Segundo Ricardo Ferreira Bento, professor da Faculdade de Medicina da Universidade de São Paulo (USP), especialidades como otorrinolaringologia são pioneiras na exploração de recursos dos biochips. Bento é um dos primeiros responsáveis do Brasil pelo implante coclear, pelo qual o dispositivo é introduzido no ouvido de pacientes surdos - quando não é possível fixar o aparelho no fundo do ouvido, o implante é realizado no tronco cerebral. Esse chip libera impulsos elétricos, normalmente produzidos pela estrutura de um ouvido sadio, que estimulam diretamente o nervo auditivo: o cérebro então interpreta essa informação, e o usuário restaura a capacidade de perceber sons - ainda que eles sejam "robóticos". O paciente dificilmente consegue distinguir as vozes de pessoas diferentes, mas pode falar ao telefone ou acompanhar aulas normalmente. Estima-se que mais de 300.000 pessoas usem esse biochip no mundo.
Ulisses Melo, diretor do Laboratório de Pesquisas da IBM Brasil, afirma que a tecnologia por trás dos biochips já está muito evoluída, mas ainda demanda pesquisas médicas. "É preciso que médicos e cientistas avaliem como conectar esses pequenos implantes ao corpo sem causar reações adversas", diz o especialista. De acordo com Melo, os estudos mais avançadas de biochips estão sendo realizados na Universidade Stanford.

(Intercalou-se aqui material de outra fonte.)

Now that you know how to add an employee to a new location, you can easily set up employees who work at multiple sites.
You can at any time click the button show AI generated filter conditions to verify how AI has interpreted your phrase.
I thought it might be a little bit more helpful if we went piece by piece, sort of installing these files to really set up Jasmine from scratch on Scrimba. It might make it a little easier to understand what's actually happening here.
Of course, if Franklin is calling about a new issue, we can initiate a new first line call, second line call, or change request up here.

Nos Estados Unidos, a fabricante de biochips Veriteq Corp já tem aval da Food and Drug Administration (FDA), órgão do governo responsável por regulamentar remédios, produtos farmacêuticos, alimentos e cigarro, para vender três modelos de circuitos. O primeiro é o Unique Device Identification (UDI), que possui apenas um número de indentificação que pode ser "lido" por um gadget externo: esse código dá acesso a um banco de dados onde está armazenado o procotolo médico do usuário. O segundo modelo é um chip implantado junto a próteses mamárias, cateteres vasculares e articulações artificiais. O equipamento armazena o número de série e lote dos implantes, dados importantíssimos em caso de recall ou quando a FDA identifica alguma falha nos produtos. Por fim, entre os projetos mais avançados da empresa, está um biochip que monitora a dosagem de radiação recebida por uma pessoa durante tratamentos de radioterapia. Ele evita que pacientes sofram overdose de radiação durante o tratamento de câncer de mama e de próstata.

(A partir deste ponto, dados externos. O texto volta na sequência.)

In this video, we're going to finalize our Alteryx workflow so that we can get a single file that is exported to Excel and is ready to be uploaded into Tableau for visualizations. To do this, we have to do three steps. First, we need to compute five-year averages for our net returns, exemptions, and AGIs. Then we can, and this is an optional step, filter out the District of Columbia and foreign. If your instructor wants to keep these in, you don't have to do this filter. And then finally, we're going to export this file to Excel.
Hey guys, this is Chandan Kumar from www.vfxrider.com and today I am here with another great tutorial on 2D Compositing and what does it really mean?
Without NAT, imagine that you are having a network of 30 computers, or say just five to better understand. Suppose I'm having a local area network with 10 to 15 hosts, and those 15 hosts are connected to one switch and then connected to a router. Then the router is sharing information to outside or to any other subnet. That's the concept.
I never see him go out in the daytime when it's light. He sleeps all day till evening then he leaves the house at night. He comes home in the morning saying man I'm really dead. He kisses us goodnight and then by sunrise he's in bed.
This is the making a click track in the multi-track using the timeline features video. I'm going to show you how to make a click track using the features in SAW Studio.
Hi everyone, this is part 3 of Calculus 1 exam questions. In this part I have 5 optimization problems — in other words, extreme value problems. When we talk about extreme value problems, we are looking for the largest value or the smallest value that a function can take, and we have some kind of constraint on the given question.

O número de pedidos de registros de biochips cresce no mercado americano, segundo confirmação do FDA. No Brasil, a competência é da Agência Nacional de Vigilância Sanitária (Anvisa), que ainda não registrou nenhum biochip para uso humano. Entre os médicos, o tema ainda causa controvérsia, embora eles reconheçam o potencial da tecnologia. Para Mauro Aranha, vice-presidente do Conselho Regional de Medicina do Estado de São Paulo (Cremesp), os médicos podem implantar dispositivos, desde que sua eficácia esteja demonstrada pela literatura médica. "Antes de fazer o implante, é preciso consultar a comissão de ética do hospital ou o Conselho Regional de Medicina", diz Aranha.